Is this because it would take too much time to compute the factor to multiply the BitUSD value by for each transaction? Meaning if each block determines a factor f_i (representing e^y where y is the per block variable yield rate) for each BitAsset, then for each transaction with BitAsset inputs you would need to get all the BitAsset's f_i from block i = m where the transaction was created to block i = n which is the current block where the transaction was spent, and then multiply the BitAsset value by f_m * f_(m+1) * ... * f_n to get its new value with yield.
Yes. It would greatly increase database size and transaction processing time. I know how to "do it proper" from the original dividends design for BTSX. It requires an accumulation table that must be updated every block for 1 years worth of blocks.
I'm guessing bytemaster wants to save the product between b[m] and b[n] for all pairs of blocks m, n. I posted how to avoid this earlier in this thread (four word answer: partial sum skip list), but I'll go into more detail since both of you apparently missed (or misunderstood) that post.
I propose using sums of logarithms instead of multiplying (so we can do many-block sequences without worrying too much about various approximation issues). Then only save partial sums that are aligned power-of-two length. So you save (in your notation):
run(m, 1) = f_m # for all blocks
run(m, 2) = f_m + f_{m+1} # for every 2nd block
run(m, 4) = f_m + f_{m+1} + f_{m+2} + f_{m+3} # for every 4th block
run(m, 8) = f_m + f_{m+1} + f_{m+2} + f_{m+3} + f_{m+4} + f_{m+5} + f_{m+6} + f_{m+7}
# for every 8th block, etc... for every power of 2
If total number of blocks is N, this data structure needs at most 2N-1 entries (hint: total size is a geometric series).
So if you want to find e.g. the sum of logs from 0x7159 (inclusive) to 0x1258a (exclusive), you can compute that as:
run(0x7159, 1) + run(0x715a, 2) + run(0x715c, 4) + run(0x7160, 0x20) + run(0x7180, 0x80) + run(0x7200, 0x200) + run(0x7400, 0x400) + run(0x7800, 0x800) + run(0x8000, 0x8000) + run(0x10000, 0x2000) + run(0x12000, 0x400) + run(0x12400, 0x100) + run(0x12500, 0x80) + run(0x12580, 8) + run(0x12588, 2)
The proper bit twiddling operations to implement this are left as an exercise to the reader.
Updating a block will usually be fast, requiring only the last few blocks.

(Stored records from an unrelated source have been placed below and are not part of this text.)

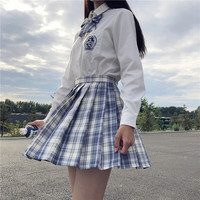 温柔一刀兔缝缝燕子家jk制服裙一学生基础款春秋长袖日系学院风女百褶裙校供格裙 领结一套 S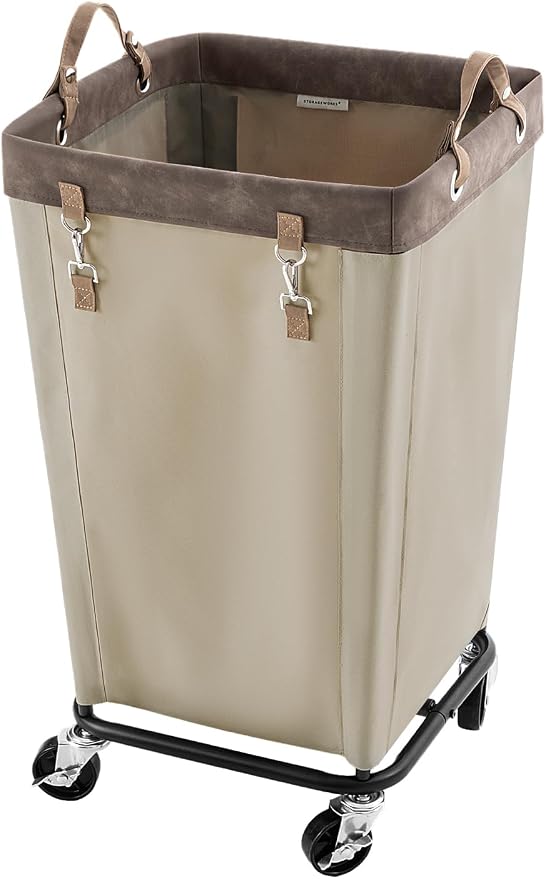StorageWorks 160L Laundry Basket with Wheels, Rolling Hampers for Clothing | Light Kahki Laundry Basket with Wheels, Metal Frame & Handles, Rolling Hamper for Bedroom, Bathroom, Dorm, Hotel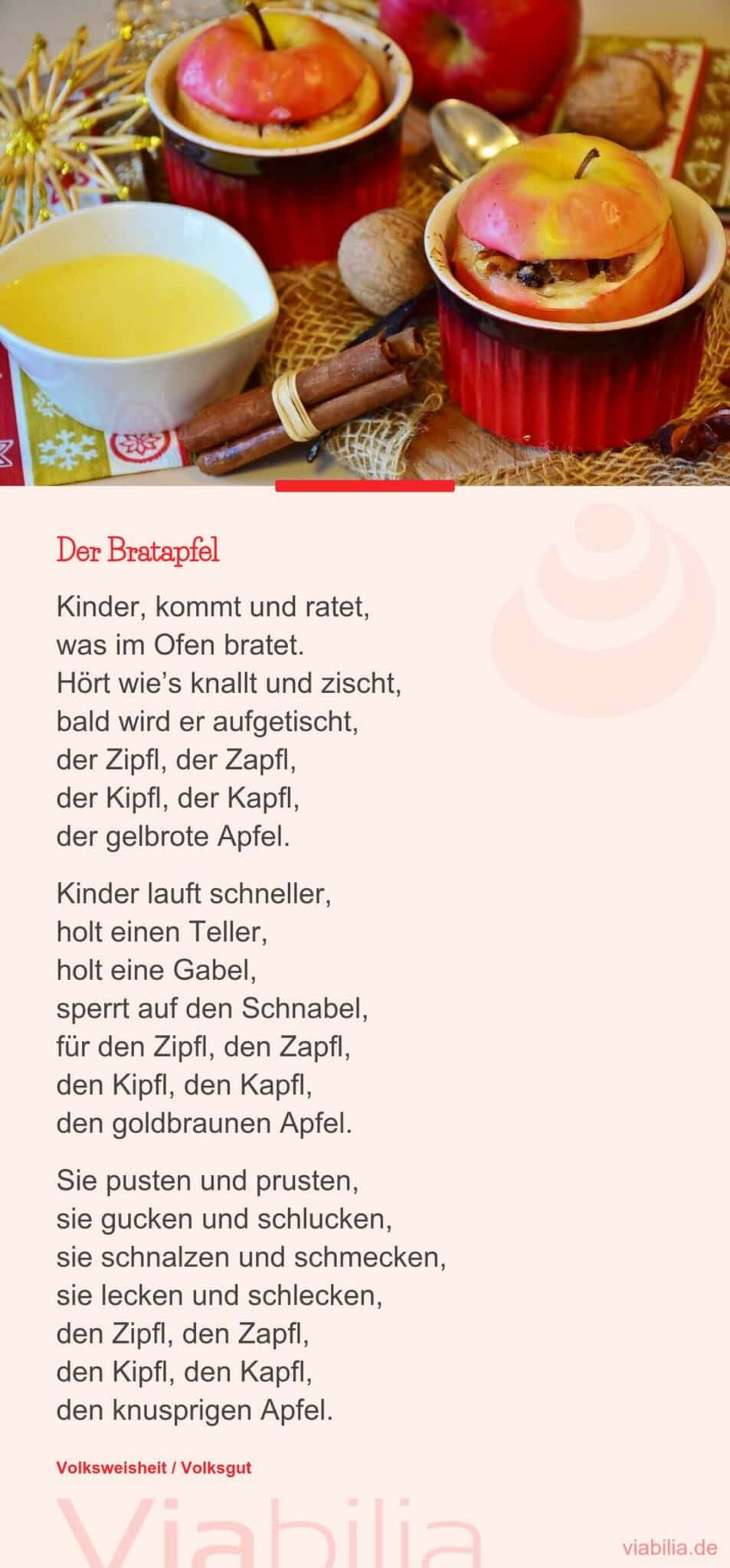 Weihnachtsgedicht für Kinder: Bratapfel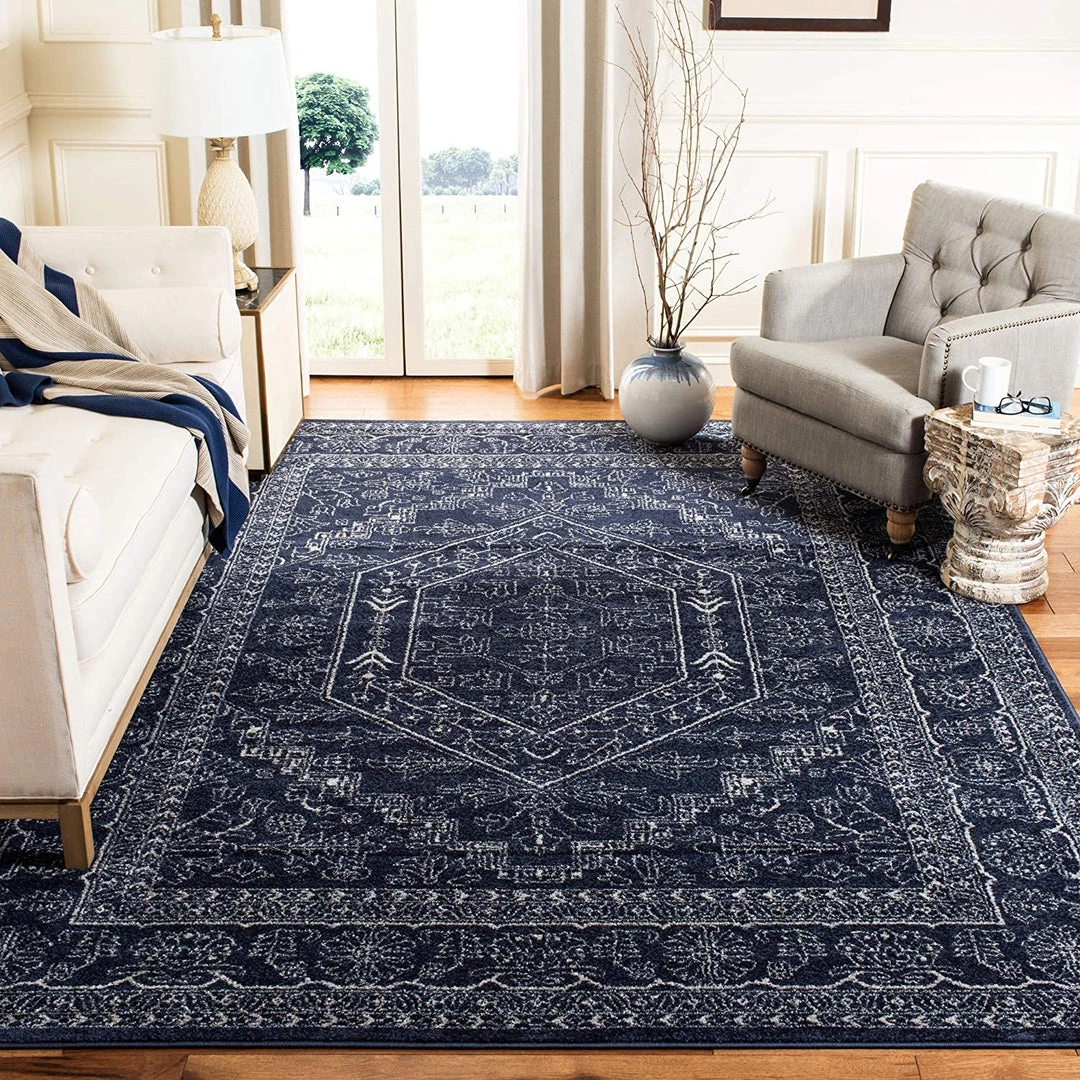 FAS All Area Rugs And Runners Oriental Vintage Distressed Medallion Navy/Ivory Soft Area Rug 1 FAS All Area Rugs And Runners Oriental Vintage Distressed Medallion Navy/Ivory Soft Area Rug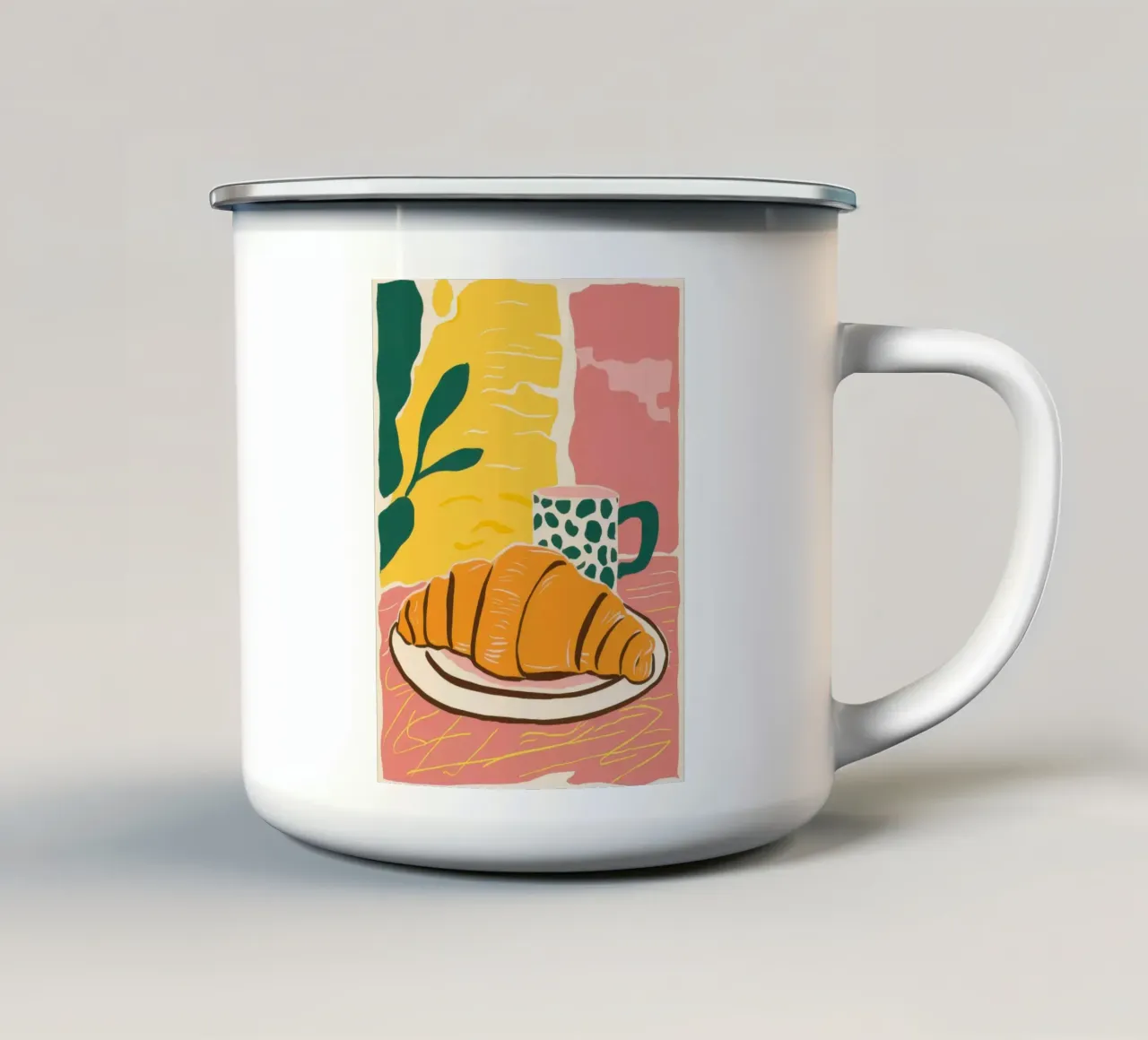 Piatto di croissant del mattino tazza in smalto da Sun Riser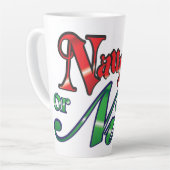 Retro Kerstmis, Stout of Braaf Rood Groene Letters Latte Mok (Linkerhoek)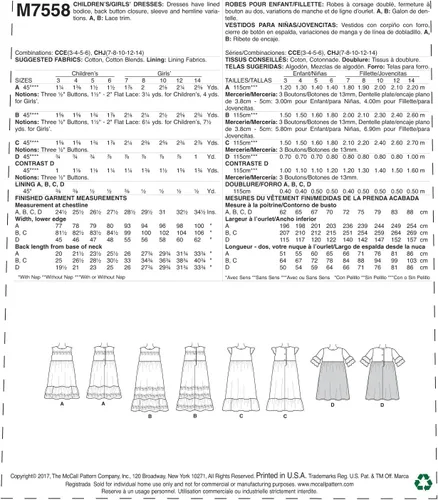 Miniatura 2 de McCall's Patrones Niños/Niñas Sin Mangas y Mangas con Volantes Vestidos de Cintura Imperio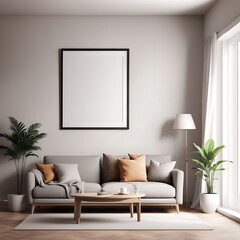  Frame mockup, Living room wall poster mockup. Interior mockup with house background. Modern interior design. 3D render 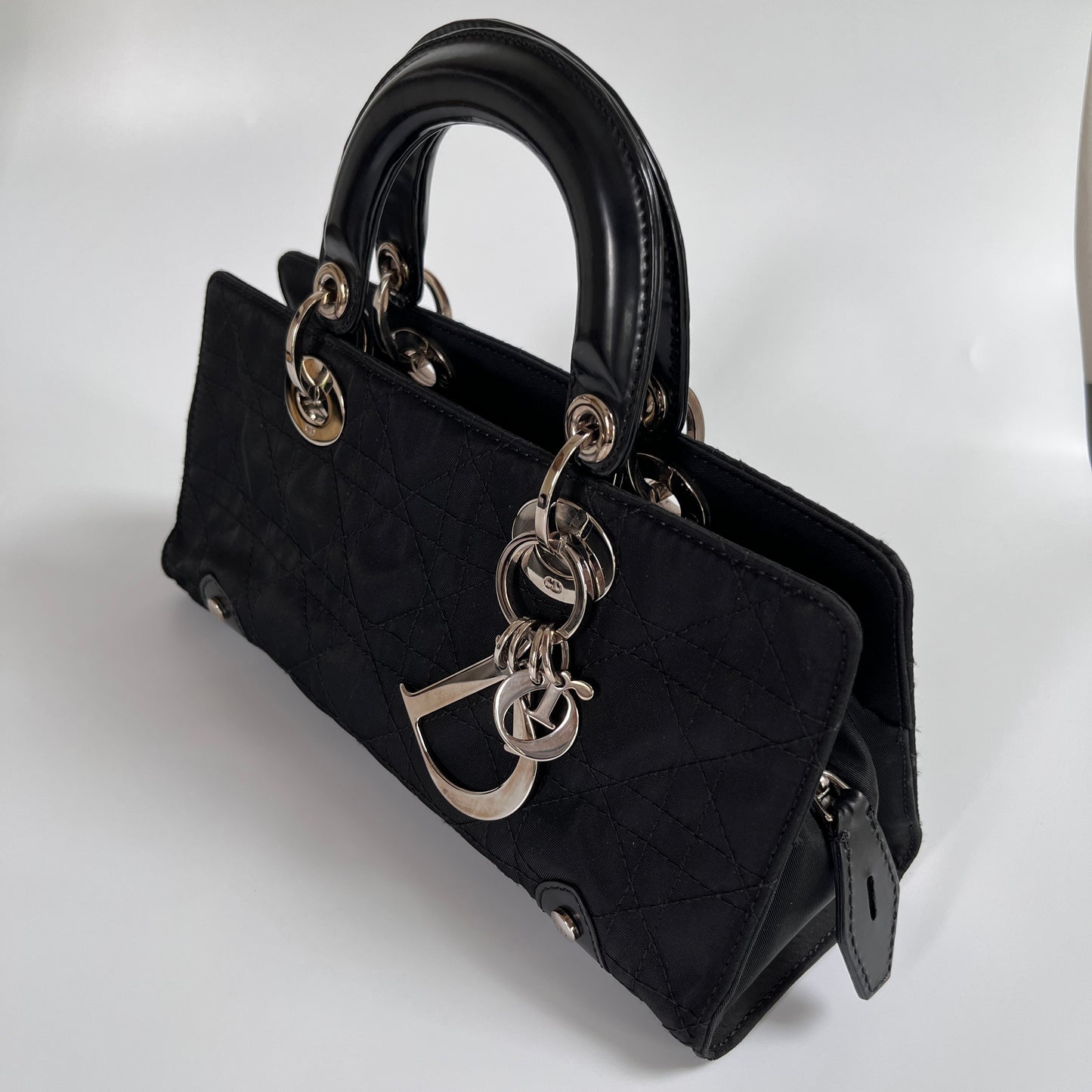 Christian Dior Lady Dior Vintage Nylon East West Mini Top Handle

Block heights divisible by large powers of 2 will happen and reach higher in the blockchain (on an exponentially rare basis), but in all cases at most log(N) values need be saved, each of which requires at most log(N) time. (I think the actual bound is just log(N) instead of log(N)^2 because you re-use the tail part and only need to reach back one more entry, but log^2(N) is still fast enough.)